Common Mistakes to Avoid

In today’s world, many businesses fail to take critical steps to prevent the theft of information. Here are four of the most common mistakes businesses make and tips to avoid them:

  1. Failing to revise cell phone policies. Too many employers think there is no need to provide employees with phones since everyone has a smart phone. And when asking employees to use their personal cell phones for business, employers may fail to require the use of security software that allows the company to wipe the phone if the employee departs. Allowing employees to use personal cell phones to conduct company business is risky because cell phones are often the first – and sometimes only – place important company information is stored. For example, when a salesperson obtains a new contact’s number, it goes in their phone.
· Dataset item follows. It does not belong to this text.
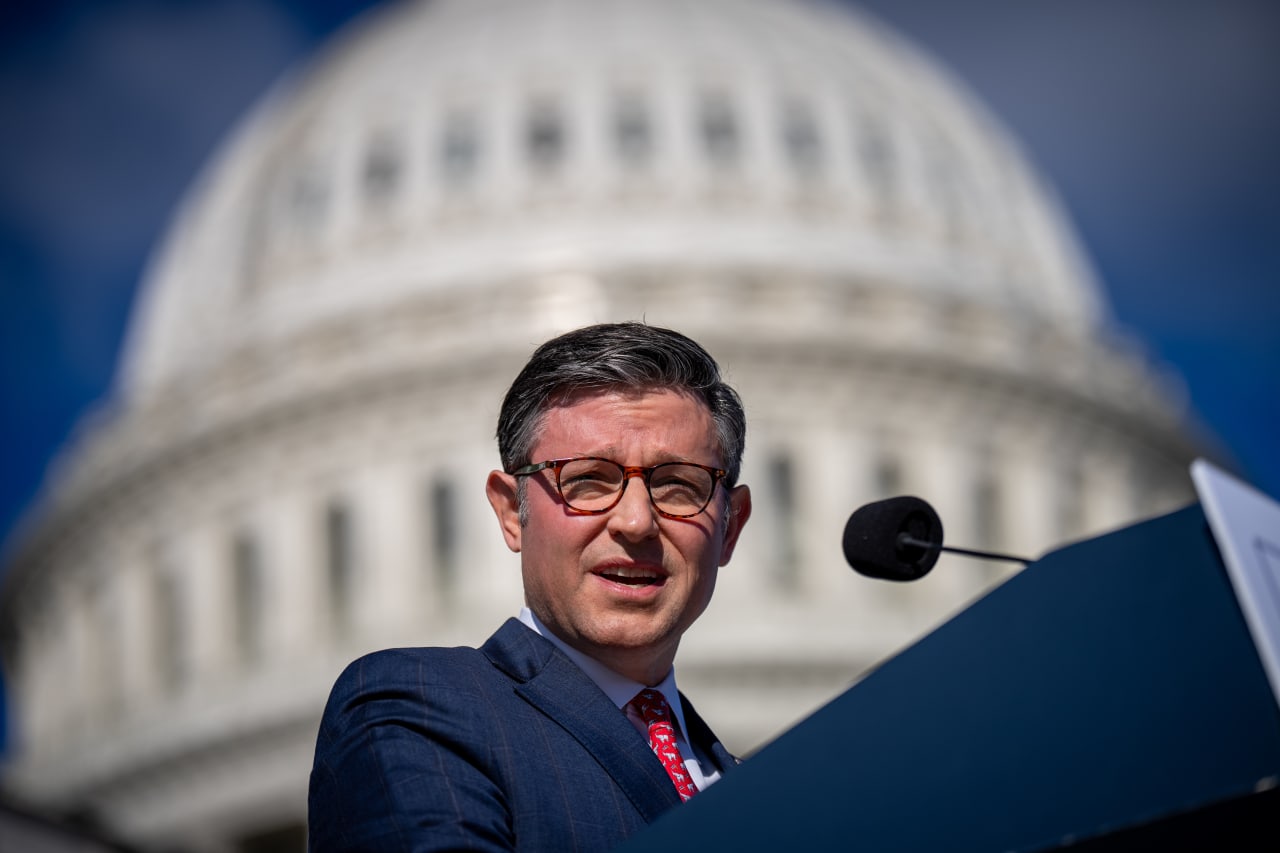 House governance will be ‘very difficult’ for Republicans due to slim majority: analyst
    Additionally, employees may receive text messages with key data from customers, which is rarely removed from phones, even after it is uploaded to a company’s server. Moreover, cell phones have personal backups. Even if the company owns the phone, if an employee operates it under their personal smartphone ID, the employer’s information will be backed up to a cloud database accessible only by the employee. Therefore, you should ensure you control the data on employees’ phones and the backups. Otherwise, an employee can walk out with every contact’s information, and you might have to seek a court order to have the information deleted.
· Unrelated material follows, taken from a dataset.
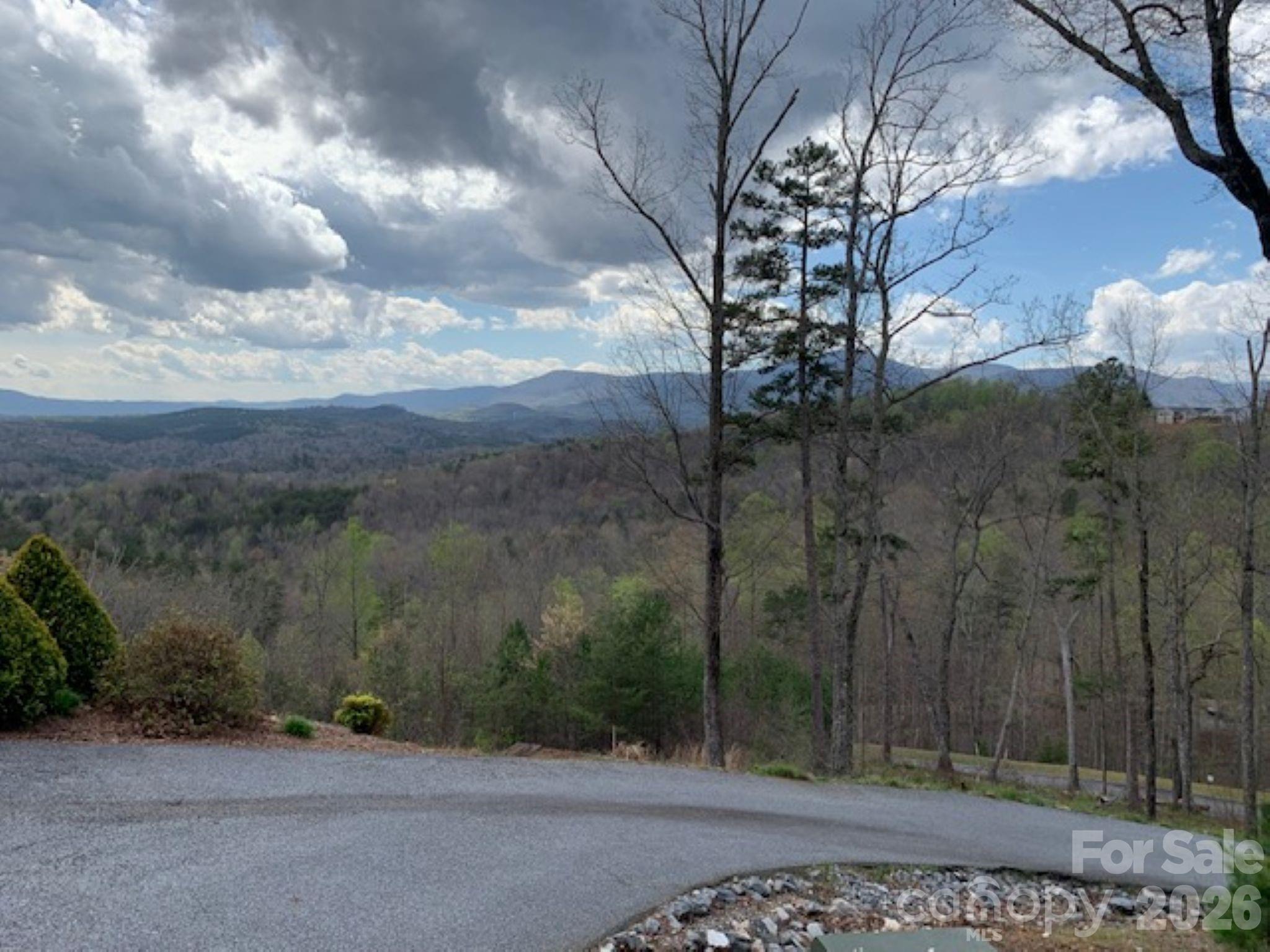 Lot at 218 Rock Ledge Drive, Lake Lure, photo 4 of 9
  2. Leaving remote systems vulnerable. The pandemic created a demand for remote work that many businesses never expected to see. When remote work was mandatory due to shutdowns, businesses sped through the process of implementing systems. This led to a host of security vulnerabilities from external bad actors, like a hacker, and internal bad actors, like a disgruntled employee who leaves with the algorithm for the business’s most important product. Many rudimentary remote systems allow individuals to download reams of data from their work computer while sitting in the comfort of their living room. Remote systems can allow employees to copy data with no evidence it was copied. Therefore, you should take the time to understand how your remote systems work and whether they are protected from external and internal threats.
  3. Failing to use computer tracking tools. Many computer operating systems offer a host of tools that allow you to track what employees do on their company-issued computers. These tools are invaluable when determining if an employee has copied an important file or maliciously deleted information. But many of these tools are turned off by default or can be turned off by a savvy user. Businesses must understand the tracking settings on the computers they provide to employees, turn on the appropriate options, and control settings through administrator rights to prevent disabling. Software can be added that will provide additional information such as a record of all files copied whenever a thumb drive is inserted.
  4. Forgetting to track printers. Perhaps it’s counterintuitive, but you may have trouble detecting when an employee has printed information and walked away with a paper copy. Most employees do not want to create hard copies because of the additional work involved in re-inputting data electronically. But you should still consider monitoring printers to safeguard sensitive information. Businesses with critical documents can implement software that tracks all the electronic versions of a document and keeps a log of who prints the document and how many copies have been printed. More importantly, you can limit printing capabilities to ensure hard copies of confidential documents are not taken or shared.